PROVIDED INFORMATION =>
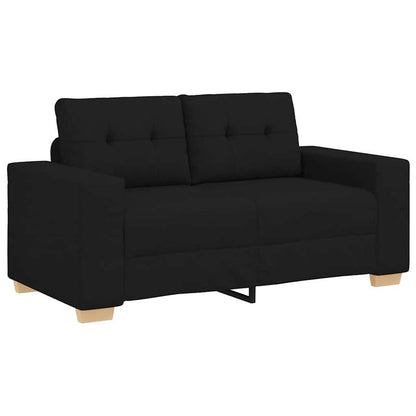 Tweezitter Bank – 2-Zits Sofa – Loveseat – Zetel – Bankstel – Zwart – Compact 47 Inch – Hardhouten Frame & Brandwerend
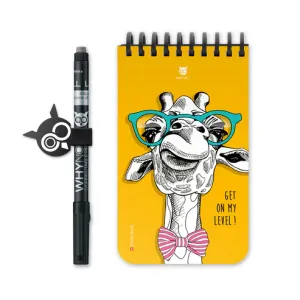 WhyNote | A6 slim fit | 40 pagina's | Soft Touch kaft | Giraffe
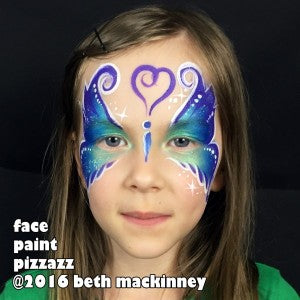 Shimmering Butterfly Face Mask Tutorial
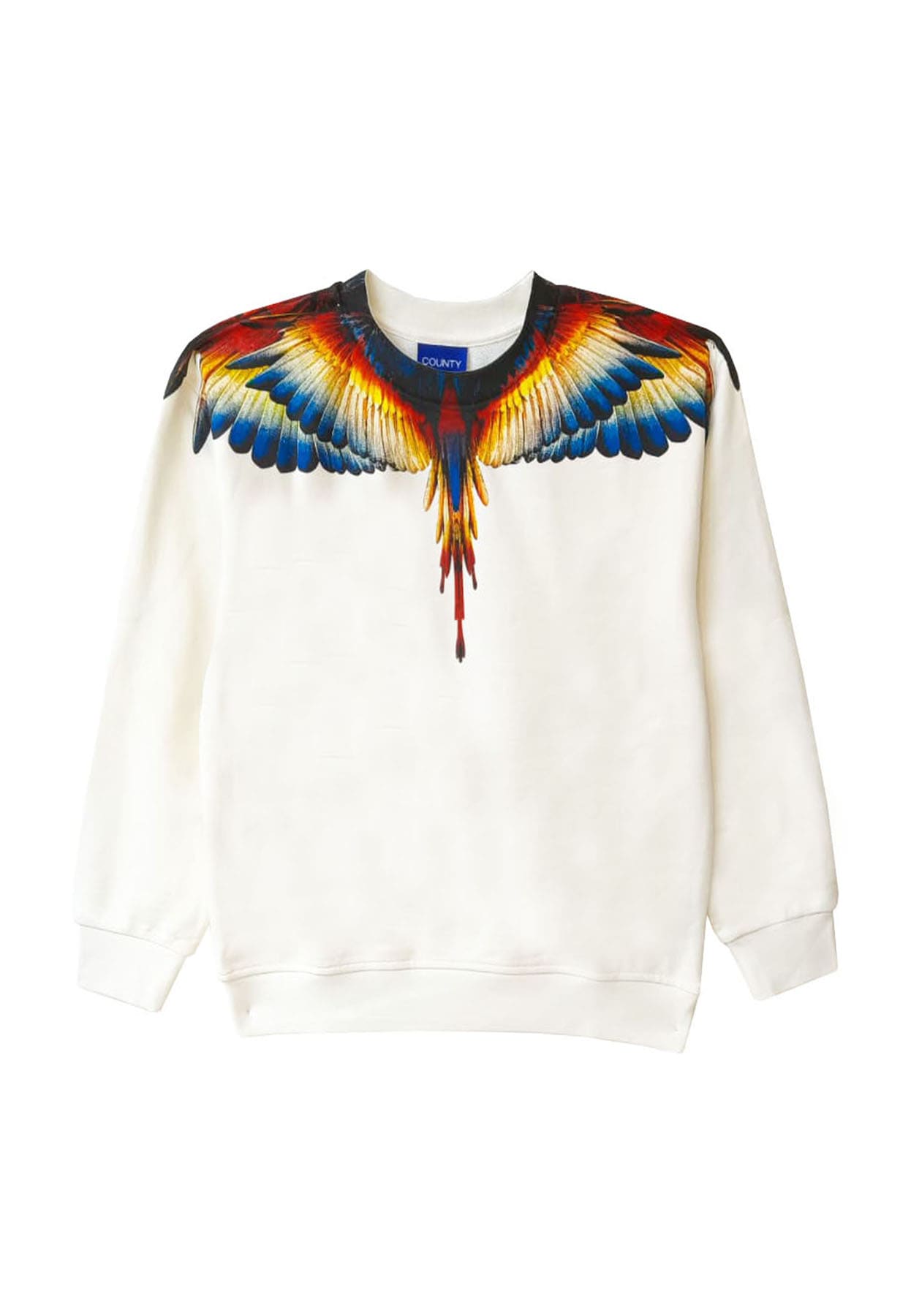 Felpa bambino Marcelo Burlon County of Milan kids bianca in cotone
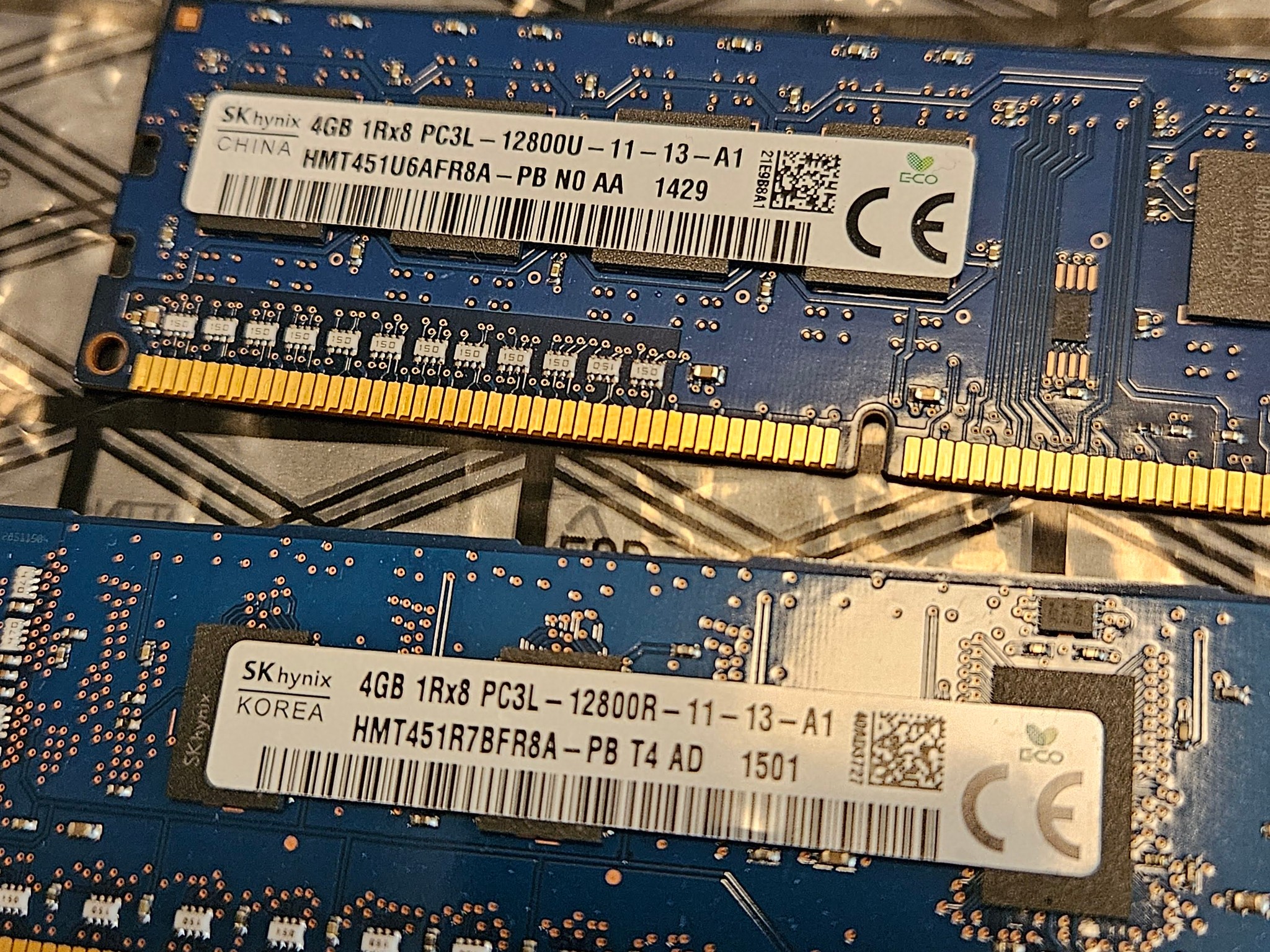 SK hynix DDR3 RAM Memory Modules LOT 4gb and one 8gb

PROBLEM DESCRIPTION =>
Retype, word for word, the line containing "Felpa bambino Marcelo" and each line after it through the end of the data, leaving any picture out.

EXERCISE OUTPUT =>
 Felpa bambino Marcelo Burlon County of Milan kids bianca in cotone
 SK hynix DDR3 RAM Memory Modules LOT 4gb and one 8gb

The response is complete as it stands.